To go along with Urbie's earlier pic of the army of taxis outside Sendai Station、which serviced 113,000 people per workday in 2005 according to the Japanese-language Wikipedia.
Ex-Ith, here's some ground-level shots of that long mall (you'll find malls like these in every major and most minor cities in Japan):
And a nice to way to round things up:
EDIT: a bunch of the pics arent showing up, I forgot that Geocities sucks.
Kawasaki is a spitting image of Newark-Jersey City and environs, right down to the steel and petrol processing plants (and the accompanying smell) and its location "across the River" from Tokyo. My friend Ryoko who grew up in Teaneck, NJ refers to Kawasaki and northern Yokohama as "The Jersey Turnpike."

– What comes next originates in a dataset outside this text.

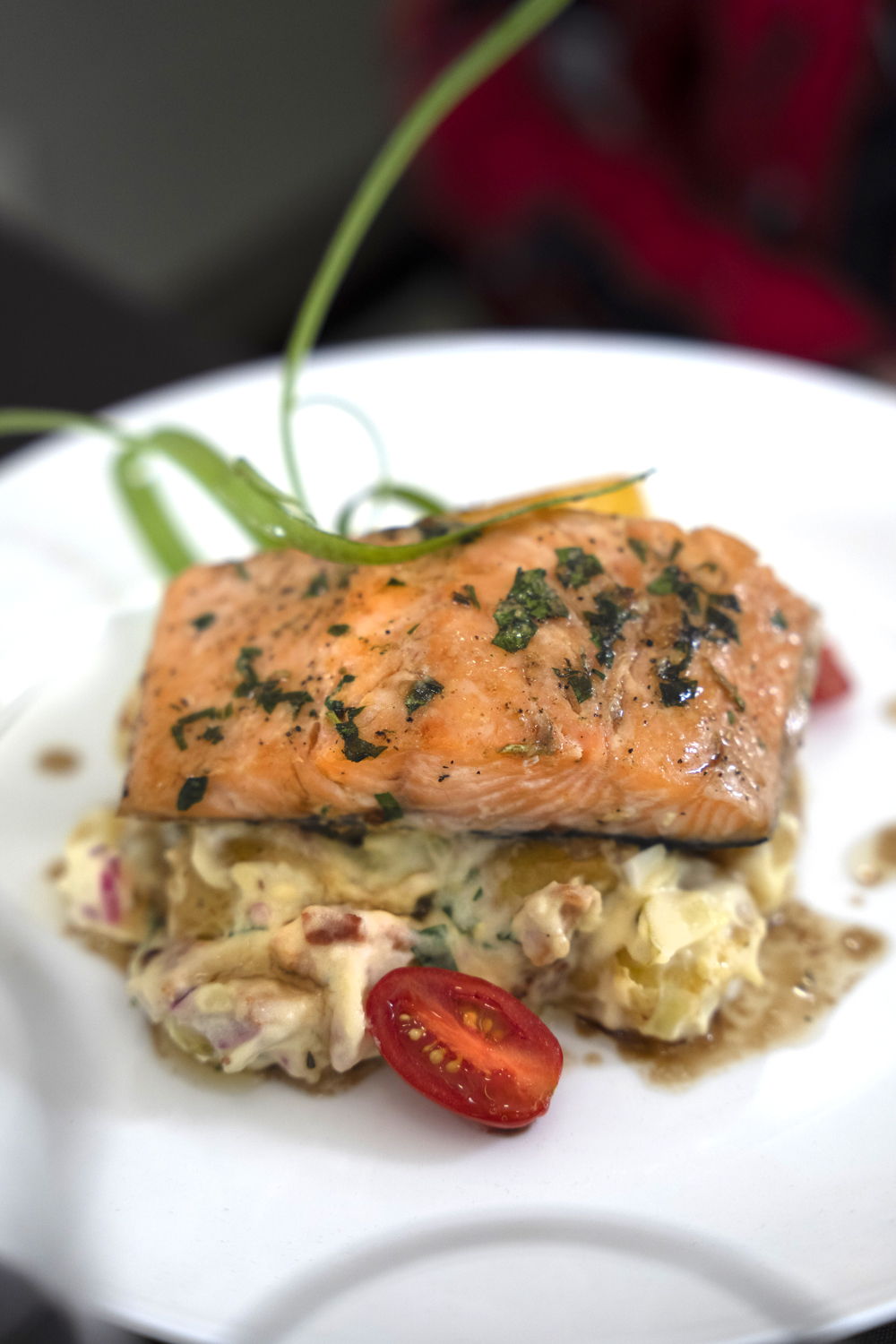 Dinner of grilled salmon on a bed of mashed potatoes and cherry tomatoes on a white plate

The closest you will find to Rustbelt cities are the Sea of Japan mini-cities like Niigata, Akita and Aomori. The Sea of Japan-side of the country has lagged behind the Pacific Coast in terms of development and job retention. Most of these cities are losing population to Tokyo, Yokohama, Fukuoka and the booming Kyoto suburbs in Shiga Prefecture.
One exception to this rule is Kita-Kyushu, a city of a million people less than 30 minutes north of Fukuoka. It is a dirty-industry hub and frankly is uglier than some of those faceless Chinese cities whose skylines are obscured by yellow haze. I'll try to dig up some pics of Kita-Kyushu. Trivia: Kokura (one of Kita-Kyushu's wards) was the primary target of the nuclear weapon Fat Man on August 9, 1945. Major Charles Sweeney had orders to drop the bomb visually, but the city was obscured by clouds. Hence Nagasaki, the secondary target, was where the bomb was dropped. The expression "Kokura's luck" thereafter became common in Japan to refer to occasions when someone avoids something unpleasant without his knowledge.